I, too, dislike it.
I’m 24 years old. I’ve been out for nearly a decade. And I just had to have my first “don’t use ‘gay’ to mean ‘bad’ conversation” with a co-worker.

This probably speaks to my own privilege more than anything, having generally been surrounded by supportive people in liberal-leaning environments for most of my life, but I’m kind of in disbelief that I had to have this conversation at all. In NYC. In 2011.

In fairness to my co-worker, she was apologetic and said she’d make an effort not to use the term as a derogatory in the future, and I believe all of that absolutely. But there was the grating “I didn’t mean it that way” element  to the conversation. Which is like… I’m sure you didn’t. But some people do. And it puts me on edge. And if you think about it for five seconds, you’ll understand why.

I’m relatively sure there won’t be any negative fallout associated with the situation, but it does make me feel like crap. The last thing I want to do at a new job is present myself as the PC police or an oversensitive busybody. It’s also not the way I want to “come out” to anyone, ever.

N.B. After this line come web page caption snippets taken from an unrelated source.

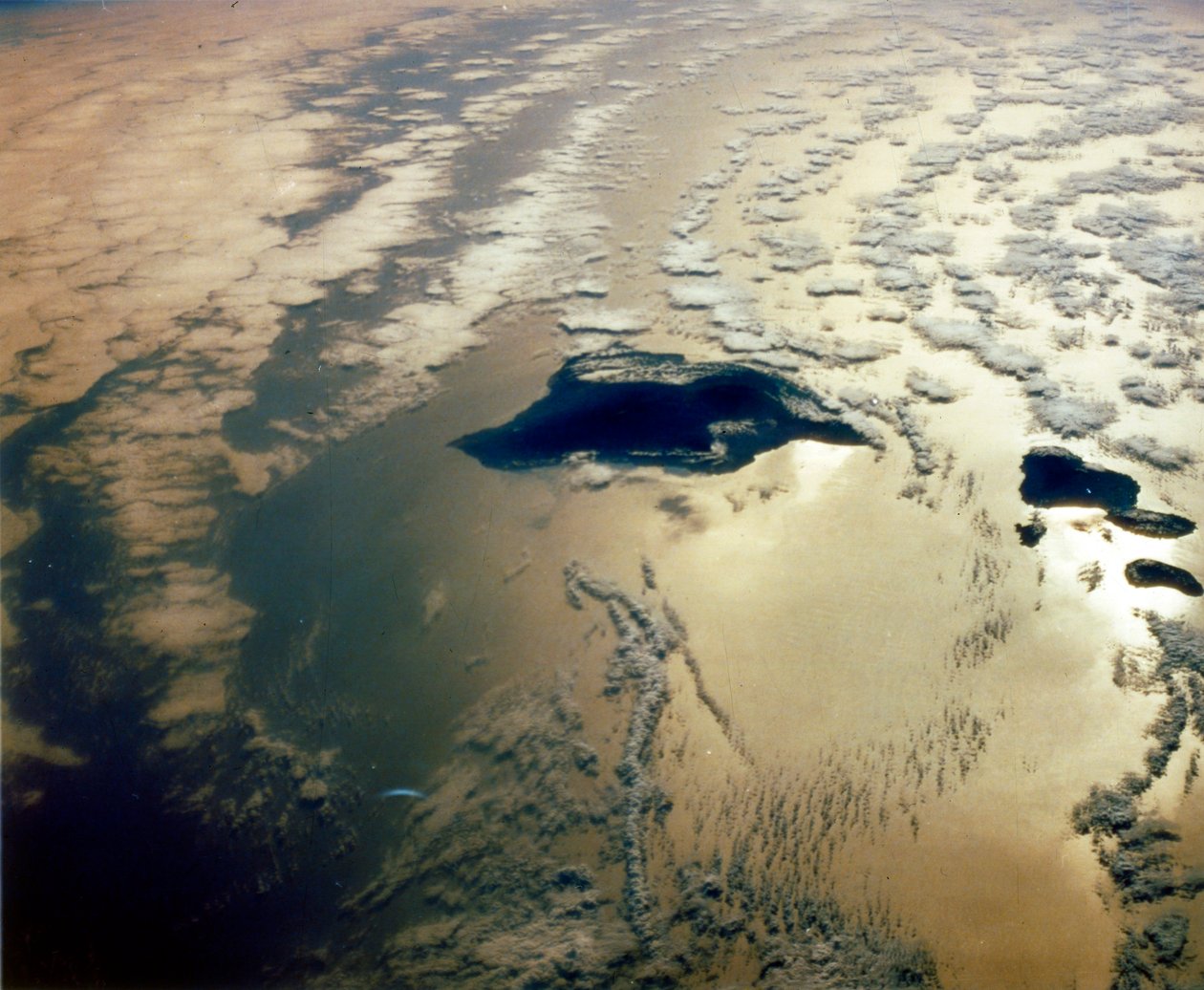Föld az űrből - a Hawaii-szigetek, USA, 1980-as évek. alkotó: NASA Images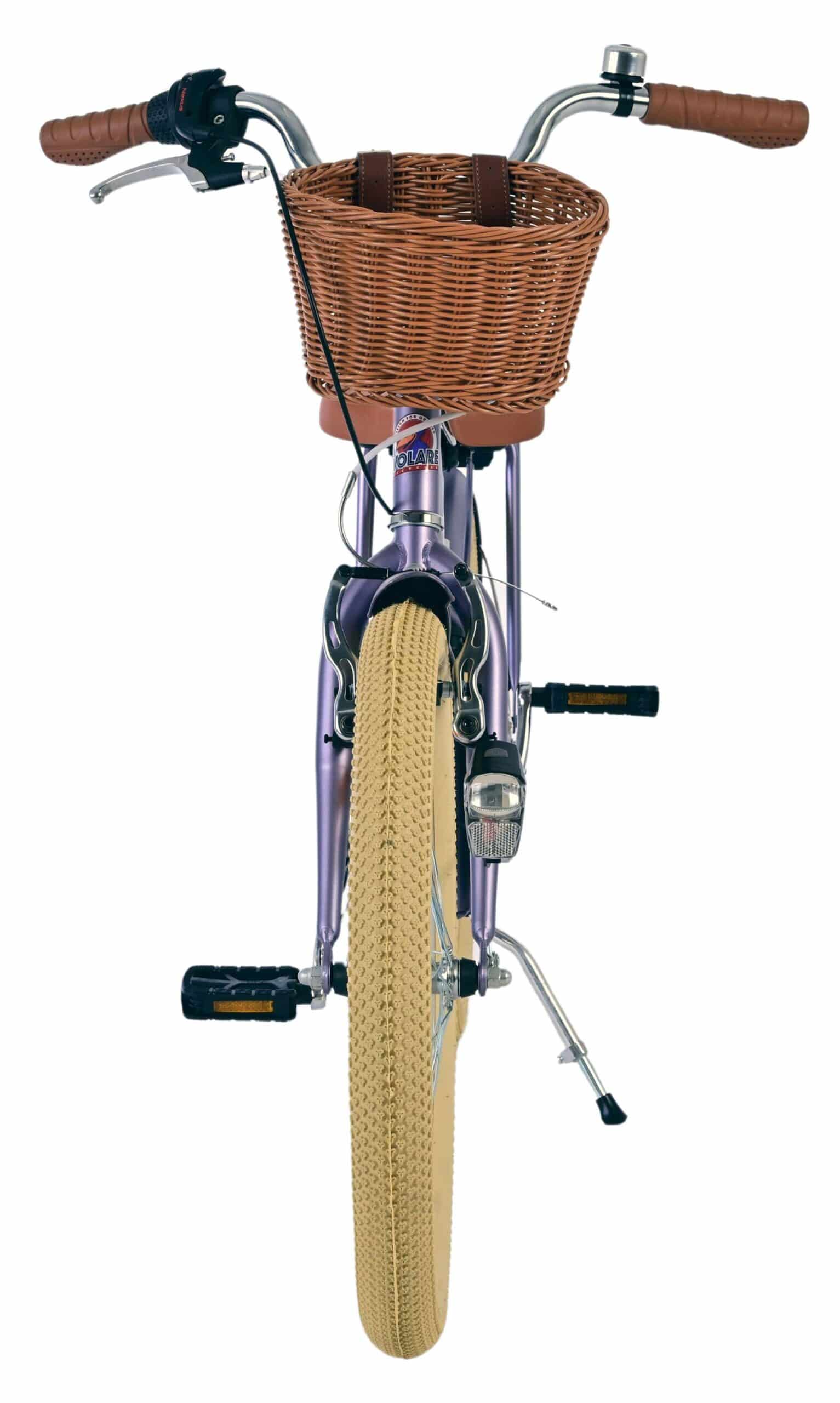 Volare Blossom Kinderfiets 20 inch Meisjesfiets Paars 3 Versnellingen - Afbeelding 8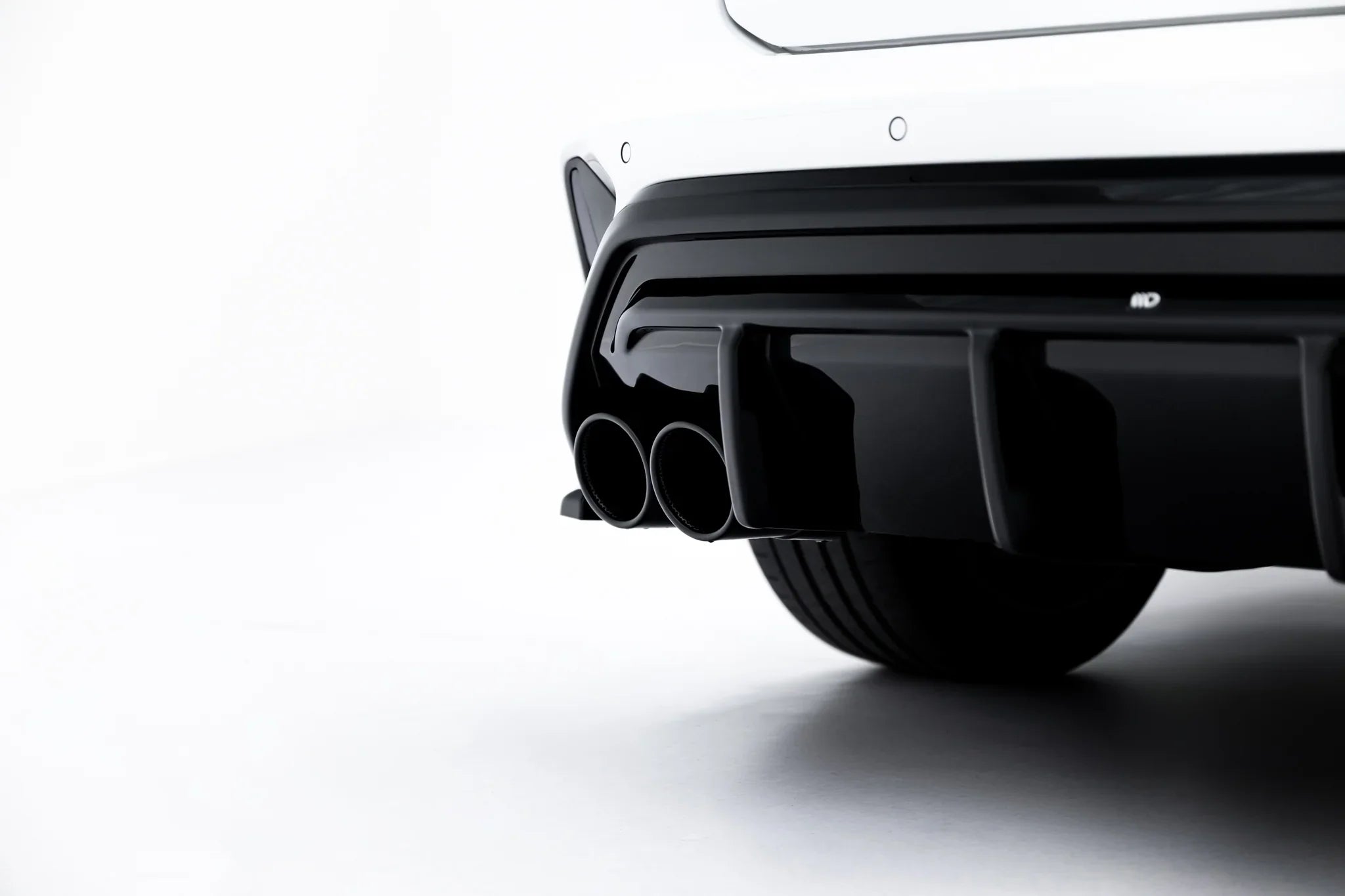 Maxton Design Difusor trasero + Exhaust Ends Imitation para Audi A3 S-Line Sportback 8Y Facelift - imagen 4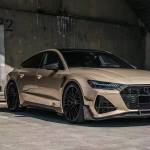 Ravoony Plus Glossy Metal Champaign Dark Gold Car Wrap Audi RS Wrap
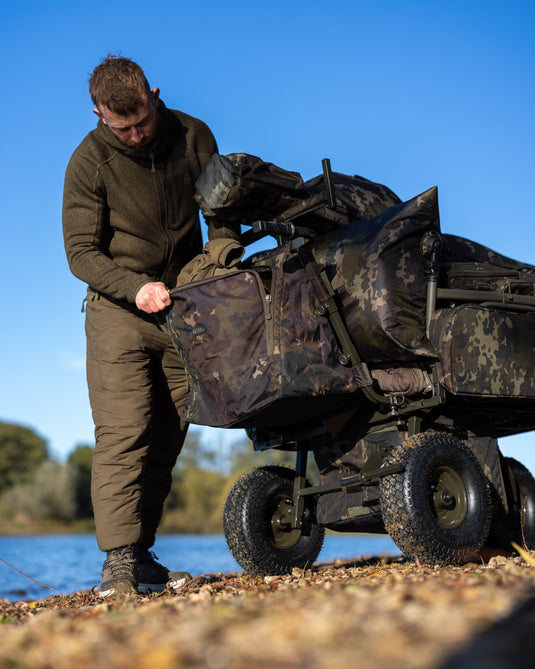 Carp Porter - Handle Bar Bag Dark Kamo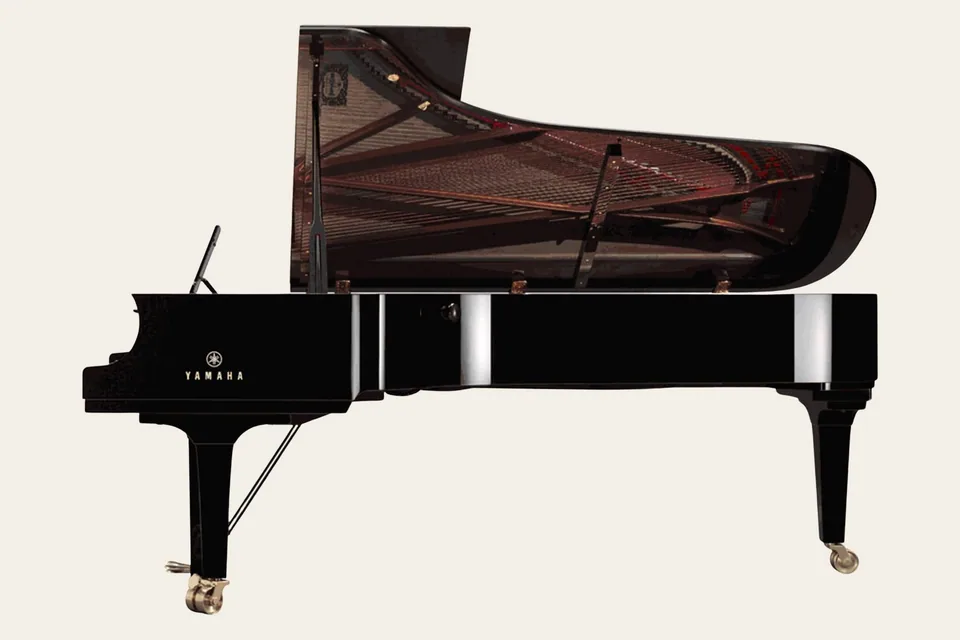 Eden, a Yamaha CFX concert grand piano in polished ebony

That’s probably the strangest part of the whole thing. I haven’t had to “come out” to anyone since high school. Within a week or two of existing in a new social environment, the fact that I’m gay will almost inevitably come up in casual conversation, whether I’m mentioning a girlfriend or my LGBT advocacy work or why I love Dolly Parton so much. But the office culture here isn’t the warmest, and it hasn’t come up with more than a few people. Which is fine! Gay is not the defining feature of my personality, life, et al. But if people don’t know I’m gay, they don’t know to be sensitive to it. Which they should be all the time (sensitive), because that’s basic human courtesy since you never know the orientation of the people around you, but I get it that the world isn’t as enlightened as we wish it were and it takes a personal connection for many people to make a change.

Anyway, I feel weird. What whiplash to go from being a professional homosexual arguing for the most radical queer agenda within an advocacy organization… to being a mostly closeted advertising professional. Maybe I’m still breaking this job in, but right now this doesn’t feel like the long-term career path for me.